# How do Oberon covers smell?



## Merlilu (Feb 23, 2010)

this may sound stupid, but one of the things I love about fine leather products is the smell.  All the leather Kindle covers I've purchased (5 to date) have a rather chemical smell.  Do the Oberon's smell like leather?


----------



## pomlover2586 (Feb 14, 2009)

They smell WONDERFUL!!!!!!!!!!!!!!!!!!!!!!!!!!!!!!!!!!!!!!!!!!!!!!!!!!!!!!!!!!!!!!!!!!!!!!!!!!

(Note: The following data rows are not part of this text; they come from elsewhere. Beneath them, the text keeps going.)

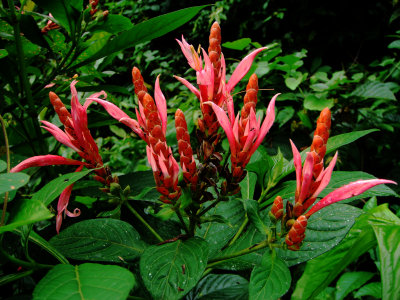 Aphelandra sinclairiana, Acanthaceae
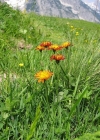 Einzelbild 2 Gold-Pippau - Crepis aurea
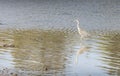 Heron at Crinan in West Argyll, Scotland.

No seriously! Like Heaven! I love the smell of leather [reminds me of being in a stable], so whenever I pick up my Oberon, the first and last things I do are smell it! No chemical odors here.....pure leather through and through


----------



## Merlilu (Feb 23, 2010)

Okay, that seals the deal....now only question is do I get the journal, so I can use my little boxwave with the Kindle clip (?) system, or do I order the k2 cover w/velcro...Any suggestions?  My concern about going with the journal cover is - will the thing fold back easily with 2 covers (in essence)?


----------



## JeffM (Nov 22, 2009)

When I opened my Oberon box I asked myself how they managed to stuff a dead cow in such a small box. Very uh, leathery smelling leather. No chemical odor with mine either.


----------



## Seamonkey (Dec 2, 2008)

Mine smell great, too, but there have been people who complained of a bad smell.. so ymmv


----------



## RiddleMeThis (Sep 15, 2009)

I have both an Oberon Kindle Cover and and Oberon Journal that I used with the Amazon cover. 

The I can fold the Kindle cover with one hand its so flexible. The journal is a bit less flexible by itself, and then once it is with the Amazon cover its a bit more work, but not hard to fold back by any means, and definitely still easier than the M-Edge I bought.

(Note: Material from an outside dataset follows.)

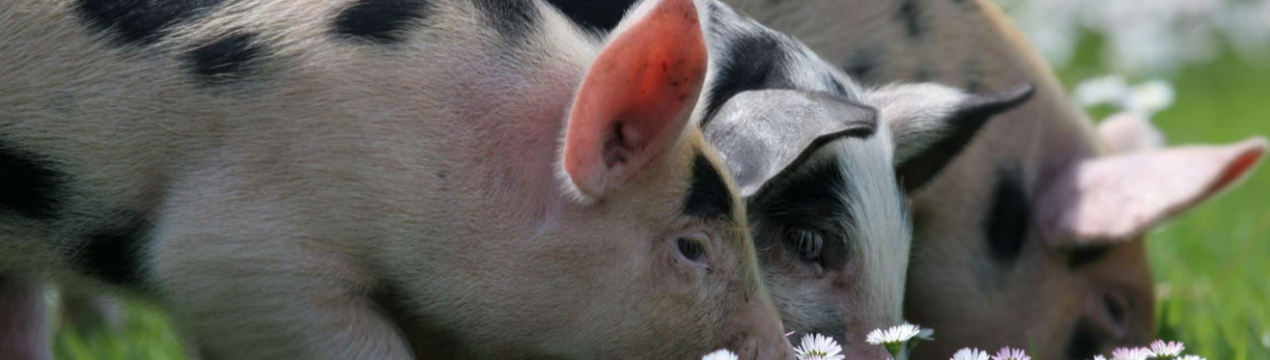 На калінінградських просторах введений «чумний» карантин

They both smell great too. Just like a tack shop.


----------



## zinnia15 (Feb 21, 2010)

Not a crazy question i am glad you asked. I just been wondering too. I don't think there are any crazy questions on these boards. I was glad I found them. Been finding out all sorts of questions about my Oberon cover i just bought and checking the mail box every day for it. lol


----------



## GinnyB (Dec 19, 2009)

Just received my replacement Oberon and sniffed it. There was no leather fragrance when I opened the box, and as I just now held it up to my nose, I got the faint and beautiful fragrance of leather, but I had to touch it to my nose to even TRY to get the scent.


----------



## Dana (Dec 4, 2009)

My experience is exactly the same as GinnyB's....  definitely nothing like walking into one of those little leather shops where they stamp your name on a leather belt..........  definitely leather and not a chemical smell....  My cover was also extremely easy to fold back with NO break in time needed.

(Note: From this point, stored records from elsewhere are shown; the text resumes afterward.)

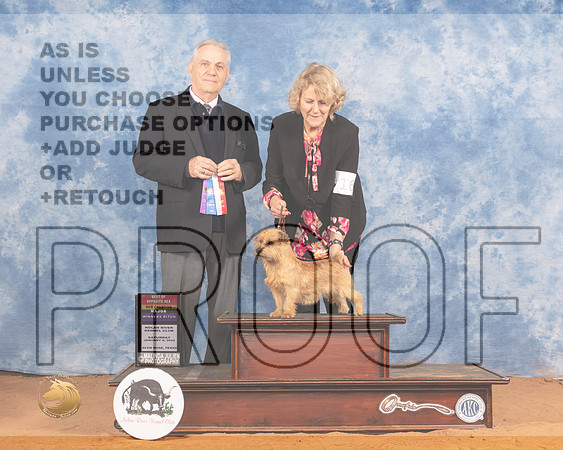 Norfolk Terrier #16 Sat WBBOS Judge Phillip BriascoMMJ_9572_NRKC2022_HR3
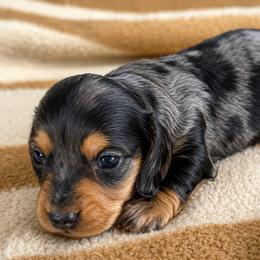 Denali - Dapple male Dachshund puppy in Salem, Oregon from Longdox Mini Dachshunds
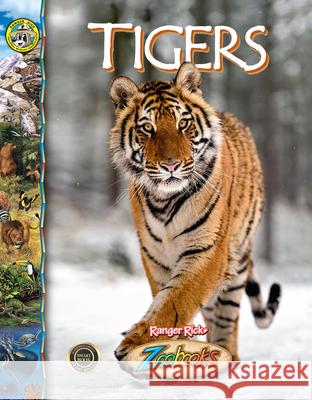 Tigers Timothy Levi Biel 9781644669310 Riveting Reads - książka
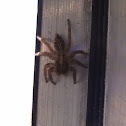 Pantropical Jumping Spider (Female)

My leather M-Edge platform had no chemical smell either....  and is also extremely easy to bend back.


----------



## ayuryogini (Jan 3, 2010)

They have the loveliest smell of leather, but it isn't overpowering; 

I can't smell it when I'm reading, but every once in a while I hold it up to my nose to enjoy the scent, because the leather smells so good.


----------



## kimbertay (Sep 16, 2009)

ayuryogini said:


> They have the loveliest smell of leather, but it isn't overpowering;
> 
> I can't smell it when I'm reading, but every once in a while I hold it up to my nose to enjoy the scent, because the leather smells so good.


I feel so much better now! I thought I was a little strange because I like to hold my Oberon up to my nose and sniff it occasionally. I was a closet Oberon sniffer.


----------



## lulucello (Nov 18, 2009)

My first reaction was that my Oberon smelled like new shoes.  (Good ones.)


----------



## lindnet (Jan 25, 2009)

Well, I'm not sure what was different about mine, but I had ordered the purple Roof of Heaven several months back.  I loved how it looked!  But, alas, it had a chemical smell that I just couldn't get past.  I asked other people to smell it, and they noticed it as well.  After waiting a couple of weeks to see if it got any better (it didn't), I talked to Oberon and returned it.   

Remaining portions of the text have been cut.